From 40125ec77eb3a889c09939918c5d97a8e861a772 Mon Sep 17 00:00:00 2001
From: David Sloan <david.sloan@eideticom.com>
Date: Sat, 3 Jun 2023 14:50:30 +0800
Subject: [PATCH 04/25] md: Flush workqueue md_rdev_misc_wq in md_alloc()

mainline inclusion
from mainline-v6.0-rc3
commit 5e8daf906f890560df430d30617c692a794acb73
category: bugfix
bugzilla: 188015, https://gitee.com/openeuler/kernel/issues/I6OERX
CVE: NA

Reference: https://git.kernel.org/pub/scm/linux/kernel/git/torvalds/linux.git/commit?id=5e8daf906f890560df430d30617c692a794acb73

--------------------------------

A race condition still exists when removing and re-creating md devices
in test cases. However, it is only seen on some setups.

The race condition was tracked down to a reference still being held
to the kobject by the rdev in the md_rdev_misc_wq which will be released
in rdev_delayed_delete().

md_alloc() waits for previous deletions by waiting on the md_misc_wq,
but the md_rdev_misc_wq may still be holding a reference to a recently
removed device.

To fix this, also flush the md_rdev_misc_wq in md_alloc().

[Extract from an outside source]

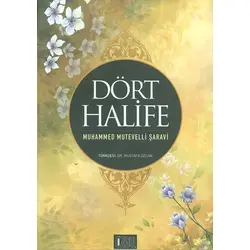 Dört Halife - Muhammed Mutevelli Şaravi - Özgü Yayıncılık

Signed-off-by: David Sloan <david.sloan@eideticom.com>
[logang@deltatee.com: rewrote commit message]
Signed-off-by: Logan Gunthorpe <logang@deltatee.com>
Signed-off-by: Song Liu <song@kernel.org>

Conflict:
	drivers/md/md.c

Signed-off-by: Li Nan <linan122@huawei.com>
Reviewed-by: Hou Tao <houtao1@huawei.com>
(cherry picked from commit 5fa419171f34bdf4966a60fdfd79ecdf1fa848d4)
---
 drivers/md/md.c | 1 +
 1 file changed, 1 insertion(+)

diff --git a/drivers/md/md.c b/drivers/md/md.c
index 61f68689ddfd..6980f8b207c5 100644
--- a/drivers/md/md.c
+++ b/drivers/md/md.c
@@ -5743,6 +5743,7 @@ static int md_alloc(dev_t dev, char *name)
 	 * completely removed (mddev_delayed_delete).
 	 */
 	flush_workqueue(md_misc_wq);
+	flush_workqueue(md_rdev_misc_wq);
 
 	mutex_lock(&disks_mutex);
 	error = -EEXIST;
-- 
Gitee


From 459c6a0a745a7ffe7ea63eb56e4f5595917e9c28 Mon Sep 17 00:00:00 2001
From: Li Nan <linan122@huawei.com>
Date: Sat, 3 Jun 2023 14:50:31 +0800
Subject: [PATCH 05/25] md: replace invalid function flush_rdev_wq() with
 flush_workqueue()

hulk inclusion
category: bugfix
bugzilla: 188553, https://gitee.com/openeuler/kernel/issues/I6TNFX
CVE: NA

--------------------------------

If we want to remove a device, first we delete it from mddev->disks list,
then init rdev->del_work to put it (see unbind_rdev_from_array()).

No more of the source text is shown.